# Raw data:
== Segment start ==

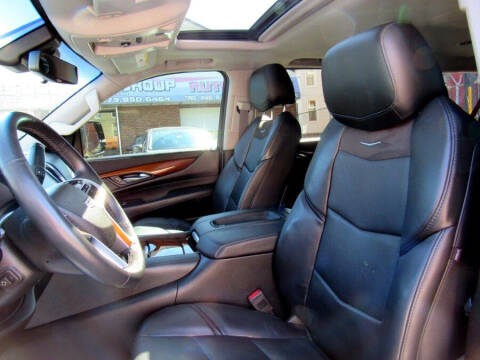 2018 Cadillac Escalade ESV Luxury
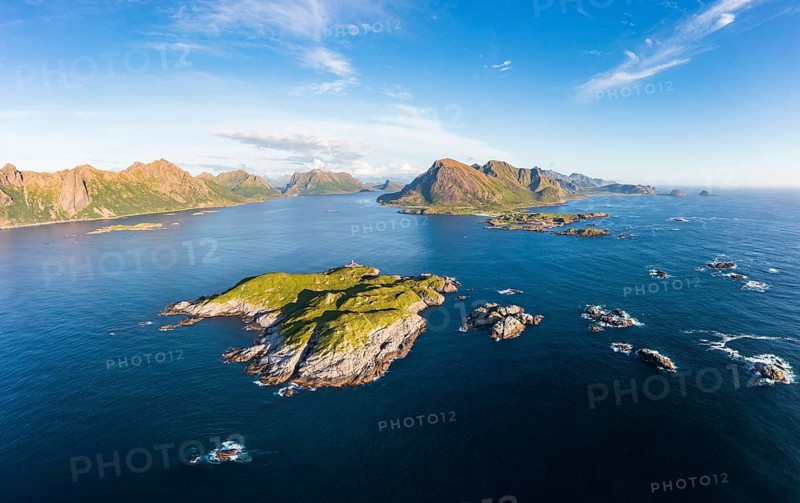 Vesterålen coast, fjords and mountains, Langøya island, near Hovden, Vesterålen archipelago, Norway, Europe
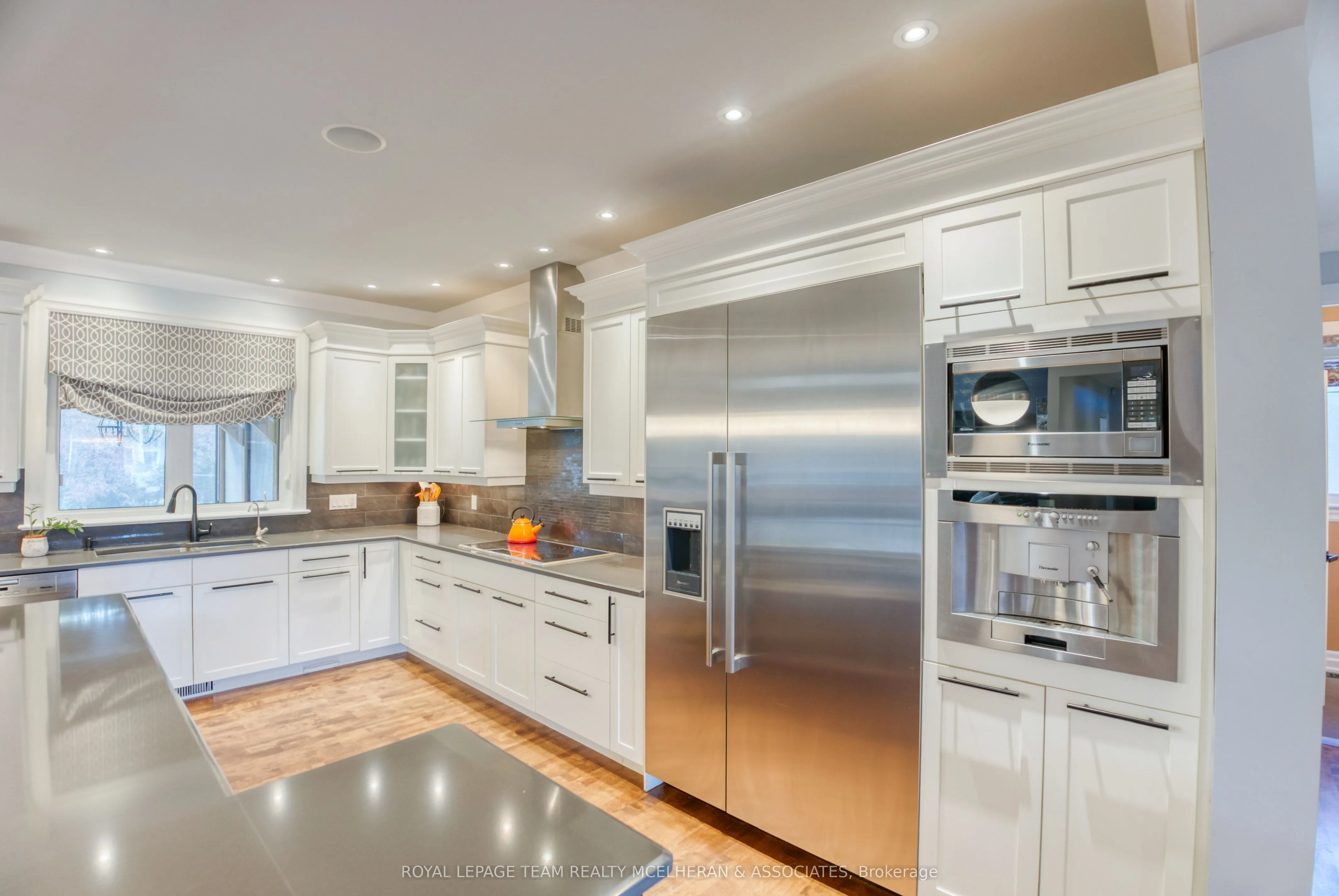 463 Lockmaster Crescent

== Segment end ==

Give back the full data exactly as it reads, but drop the pictures.

 2018 Cadillac Escalade ESV Luxury
 Vesterålen coast, fjords and mountains, Langøya island, near Hovden, Vesterålen archipelago, Norway, Europe
 463 Lockmaster Crescent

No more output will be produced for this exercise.